Immutable Datastructures with good Sharing

[Jan Burse]

Dear All,

Value objects are some well known immutable
datastructures, when an operation is applied,
typically simply a new object is created. So
for example doing:

3 = 1 + 2

With java.lang.Integer objects would involve
creating a new Integer with value left.intValue()
+ right.intValue().

But instead of call the constructor, one can also call
Integer.valueOf(), and there you have some sharing.
Namely the class Integer caches the value objects for
small values (at least the last time I looked into
the Oracle source, it was there...).

More elaborate sharing is seen in the String class
by the substring() operation. This operation does
reuse the original character array and only encapsulates
the offset and the length in a new object. I wouldnt
recomende that to get one character from a 1 MB
long string, since it will prevent the original
character array from GC. But in some situation this
is quite handy.

I am now looking for immutable datastructures with
a similar sharing. In the String class example, the
operation was substring() that produced a new immutable
object. I am looking for:

Some stack class, where: (Easy)
pop() creates a new immutable stack
push() creates a new immutable stack
With good sharing.

Some queue class, where: (Hard?)
enqueue() creates a new immutable queue
dequeue() creates a new immutable queue
With good sharing.

What is your favorite datastructure?

Bye

 

[Stefan Ram]

3 = 1 + 2
With java.lang.Integer objects would involve
creating a new Integer with value left.intValue()
+ right.intValue().

It just needs to behave as-if. The implementation can decide
to not really perform all those operations literally as long
as the program behaves as specified.

Some stack class, where: (Easy)
pop() creates a new immutable stack

The sharing can be implement similarly to the implementation
of the substring operation, because »pop« essentially
is a »substack« operation: .substring( 0, .length() - 1 ).
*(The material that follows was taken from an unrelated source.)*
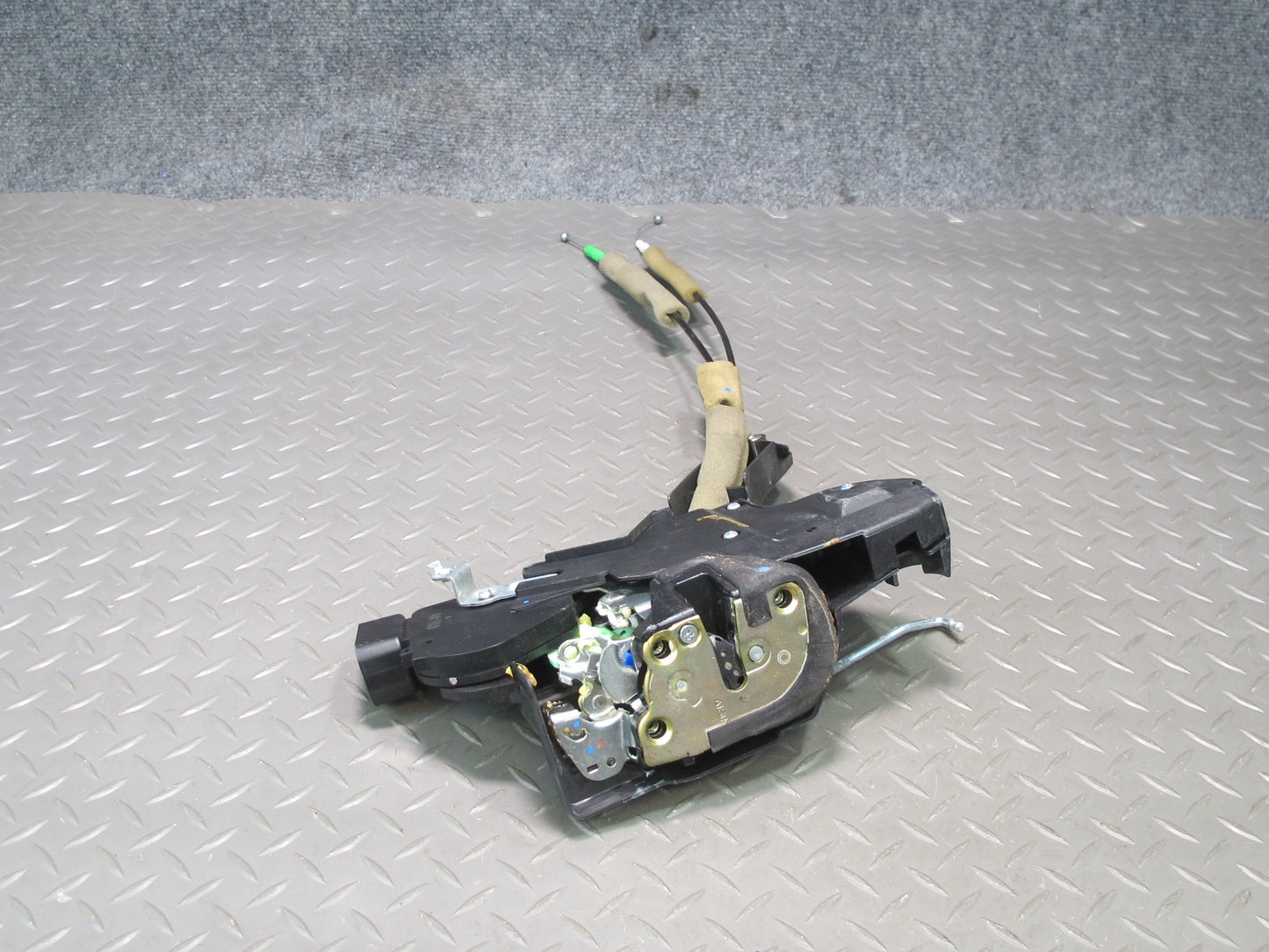 02-06 Lexus UCF30L LS430 Front Right Door Lock Latch Actuator NO Soft Close OEM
However, in computer science, a stack is well known as a
specific mutable entity with specific performance
properties. So, an »immutable stack« should not be called
»stack«.

 

[Jan Burse]

However, in computer science, a stack is well known as a
specific mutable entity with specific performance
properties. So, an »immutable stack« should not be called
»stack«.

If you take the subdomain of functional programming
in computer science, the people there wouldn't
probably agree. A stack can be viewed as an abstract
datatype:

push : Stack x Element -> Stack
pop : Stack -> Stack x Element | Fault

By the above one would loose the possibility to directly
reference a stack by one process. And then see what
an another process is doing on it.

I am interested in functional programming like
implementations of a stack in Java. That show good
sharing. I know for example of the functional
Java project:

http://functionaljava.org/

I could eventually use something like HList from
there. But these classes are highly parameterized
and I don't know whether good Sharing was on their
primary focus.

The interesting case is the Queue.

Best Regards

 

[markspace]

I am interested in functional programming like
implementations of a stack in Java. That show good
sharing. I know for example of the functional
Java project:

http://functionaljava.org/

This may also be of interest to you:

<http://openjdk.java.net/projects/lambda/>

 

[Lew]

If you take the subdomain of functional programming
in computer science, the people there wouldn't
probably agree. A stack can be viewed as an abstract
datatype:

push : Stack x Element -> Stack
pop : Stack -> Stack x Element | Fault

By the above one would loose the possibility to directly
reference a stack by one process. And then see what
an another process is doing on it.

Your answer does not speak to the inherent contradiction in the term "immutable stack".

 

[Stefan Ram]

What inherent contradiction? Please cite an authoritative reference
that requires that the data structure known simply as a "stack" must be
implemented using mutable instances.

The most authoritative reference whatsoever, world-wide surely is
the renowned internet encyclopedia »Wikipedia«. And this says:

»The push operation adds a new item to the top of the stack«

http://en.wikipedia.org/wiki/Stack_(abstract_data_type)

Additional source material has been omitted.